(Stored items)
=== Section Start ===

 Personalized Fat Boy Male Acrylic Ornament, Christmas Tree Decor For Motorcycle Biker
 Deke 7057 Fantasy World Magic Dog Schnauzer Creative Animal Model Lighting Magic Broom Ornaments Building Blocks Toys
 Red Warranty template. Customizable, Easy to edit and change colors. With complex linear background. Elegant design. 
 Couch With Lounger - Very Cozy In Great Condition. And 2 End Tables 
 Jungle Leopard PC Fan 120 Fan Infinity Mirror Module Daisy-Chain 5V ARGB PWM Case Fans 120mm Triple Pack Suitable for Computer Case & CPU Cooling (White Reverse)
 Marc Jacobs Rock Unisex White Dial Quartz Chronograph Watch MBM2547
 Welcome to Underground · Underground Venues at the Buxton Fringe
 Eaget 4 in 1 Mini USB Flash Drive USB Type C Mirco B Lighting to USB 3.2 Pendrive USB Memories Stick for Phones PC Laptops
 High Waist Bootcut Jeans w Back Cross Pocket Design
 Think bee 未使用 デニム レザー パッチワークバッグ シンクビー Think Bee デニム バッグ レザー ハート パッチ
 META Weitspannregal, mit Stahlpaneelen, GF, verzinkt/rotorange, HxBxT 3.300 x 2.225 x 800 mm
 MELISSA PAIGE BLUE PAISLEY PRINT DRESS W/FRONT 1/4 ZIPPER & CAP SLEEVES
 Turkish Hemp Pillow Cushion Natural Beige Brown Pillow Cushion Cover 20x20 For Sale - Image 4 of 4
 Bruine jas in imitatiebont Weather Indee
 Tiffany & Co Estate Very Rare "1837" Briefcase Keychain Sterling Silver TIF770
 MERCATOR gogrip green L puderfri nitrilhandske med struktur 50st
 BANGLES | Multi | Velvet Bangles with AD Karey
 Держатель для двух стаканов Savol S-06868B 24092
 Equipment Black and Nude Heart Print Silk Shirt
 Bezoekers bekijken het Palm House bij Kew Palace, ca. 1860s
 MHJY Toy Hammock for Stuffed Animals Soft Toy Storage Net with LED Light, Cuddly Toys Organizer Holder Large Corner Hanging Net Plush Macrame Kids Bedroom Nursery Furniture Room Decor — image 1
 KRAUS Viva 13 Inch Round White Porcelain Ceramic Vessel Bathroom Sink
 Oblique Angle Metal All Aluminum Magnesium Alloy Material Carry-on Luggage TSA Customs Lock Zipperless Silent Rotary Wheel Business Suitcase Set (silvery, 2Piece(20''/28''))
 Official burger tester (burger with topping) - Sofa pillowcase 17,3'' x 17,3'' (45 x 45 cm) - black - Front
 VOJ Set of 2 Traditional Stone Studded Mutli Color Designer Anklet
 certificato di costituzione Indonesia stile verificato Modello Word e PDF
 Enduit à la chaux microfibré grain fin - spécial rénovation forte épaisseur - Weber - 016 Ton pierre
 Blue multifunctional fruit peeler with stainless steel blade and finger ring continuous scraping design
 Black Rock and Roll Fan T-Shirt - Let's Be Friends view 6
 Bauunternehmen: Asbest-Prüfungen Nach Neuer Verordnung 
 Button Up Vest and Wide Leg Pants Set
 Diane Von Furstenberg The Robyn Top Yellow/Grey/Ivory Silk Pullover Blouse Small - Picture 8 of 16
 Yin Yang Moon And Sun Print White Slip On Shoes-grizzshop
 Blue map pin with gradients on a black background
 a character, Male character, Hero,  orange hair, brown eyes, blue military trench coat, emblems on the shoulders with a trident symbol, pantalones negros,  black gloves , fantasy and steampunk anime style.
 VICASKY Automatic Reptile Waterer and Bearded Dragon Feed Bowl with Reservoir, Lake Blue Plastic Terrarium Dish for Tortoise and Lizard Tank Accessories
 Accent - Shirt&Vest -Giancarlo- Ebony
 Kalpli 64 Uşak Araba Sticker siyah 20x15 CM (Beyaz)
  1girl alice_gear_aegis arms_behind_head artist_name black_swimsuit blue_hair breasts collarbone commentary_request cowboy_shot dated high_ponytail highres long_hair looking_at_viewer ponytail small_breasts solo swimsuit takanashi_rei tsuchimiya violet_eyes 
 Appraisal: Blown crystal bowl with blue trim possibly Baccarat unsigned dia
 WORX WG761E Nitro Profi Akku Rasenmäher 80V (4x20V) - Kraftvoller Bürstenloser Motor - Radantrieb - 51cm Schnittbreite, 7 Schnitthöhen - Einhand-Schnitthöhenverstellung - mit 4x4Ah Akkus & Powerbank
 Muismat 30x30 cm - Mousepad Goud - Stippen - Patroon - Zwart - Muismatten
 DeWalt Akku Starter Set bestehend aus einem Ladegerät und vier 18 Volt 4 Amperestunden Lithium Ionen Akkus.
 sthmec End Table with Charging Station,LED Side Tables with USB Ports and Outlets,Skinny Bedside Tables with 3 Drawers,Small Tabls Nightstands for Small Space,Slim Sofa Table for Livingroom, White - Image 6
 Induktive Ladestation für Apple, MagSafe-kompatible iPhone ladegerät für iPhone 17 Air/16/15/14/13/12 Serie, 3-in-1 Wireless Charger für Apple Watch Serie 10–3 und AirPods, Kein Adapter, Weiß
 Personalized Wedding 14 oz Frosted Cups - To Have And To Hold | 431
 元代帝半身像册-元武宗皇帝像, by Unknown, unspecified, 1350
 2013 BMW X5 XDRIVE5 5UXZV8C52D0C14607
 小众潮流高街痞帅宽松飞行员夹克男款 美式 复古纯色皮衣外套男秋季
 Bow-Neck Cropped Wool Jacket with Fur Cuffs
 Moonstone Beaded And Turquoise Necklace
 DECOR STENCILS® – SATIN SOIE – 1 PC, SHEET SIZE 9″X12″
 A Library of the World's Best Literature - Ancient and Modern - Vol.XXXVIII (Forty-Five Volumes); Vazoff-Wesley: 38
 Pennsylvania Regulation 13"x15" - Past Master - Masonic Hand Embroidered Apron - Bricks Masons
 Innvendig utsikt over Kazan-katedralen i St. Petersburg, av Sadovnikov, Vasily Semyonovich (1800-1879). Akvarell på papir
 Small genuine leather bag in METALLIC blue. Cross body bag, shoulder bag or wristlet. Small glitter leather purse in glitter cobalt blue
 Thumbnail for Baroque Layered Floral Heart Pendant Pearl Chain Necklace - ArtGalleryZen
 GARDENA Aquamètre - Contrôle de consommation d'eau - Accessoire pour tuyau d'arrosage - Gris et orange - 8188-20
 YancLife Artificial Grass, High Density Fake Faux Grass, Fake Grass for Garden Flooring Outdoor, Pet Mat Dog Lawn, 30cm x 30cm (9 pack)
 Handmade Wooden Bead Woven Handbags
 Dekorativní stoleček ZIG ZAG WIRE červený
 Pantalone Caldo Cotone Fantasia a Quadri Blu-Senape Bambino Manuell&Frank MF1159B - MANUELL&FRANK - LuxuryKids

=== Section End ===

What to work on: In the records above, find the line containing "META Weitspannregal, mit" and restate word for word every line from the first through that one.

Output of the exercise:
 Personalized Fat Boy Male Acrylic Ornament, Christmas Tree Decor For Motorcycle Biker
 Deke 7057 Fantasy World Magic Dog Schnauzer Creative Animal Model Lighting Magic Broom Ornaments Building Blocks Toys
 Red Warranty template. Customizable, Easy to edit and change colors. With complex linear background. Elegant design. 
 Couch With Lounger - Very Cozy In Great Condition. And 2 End Tables 
 Jungle Leopard PC Fan 120 Fan Infinity Mirror Module Daisy-Chain 5V ARGB PWM Case Fans 120mm Triple Pack Suitable for Computer Case & CPU Cooling (White Reverse)
 Marc Jacobs Rock Unisex White Dial Quartz Chronograph Watch MBM2547
 Welcome to Underground · Underground Venues at the Buxton Fringe
 Eaget 4 in 1 Mini USB Flash Drive USB Type C Mirco B Lighting to USB 3.2 Pendrive USB Memories Stick for Phones PC Laptops
 High Waist Bootcut Jeans w Back Cross Pocket Design
 Think bee 未使用 デニム レザー パッチワークバッグ シンクビー Think Bee デニム バッグ レザー ハート パッチ
 META Weitspannregal, mit Stahlpaneelen, GF, verzinkt/rotorange, HxBxT 3.300 x 2.225 x 800 mm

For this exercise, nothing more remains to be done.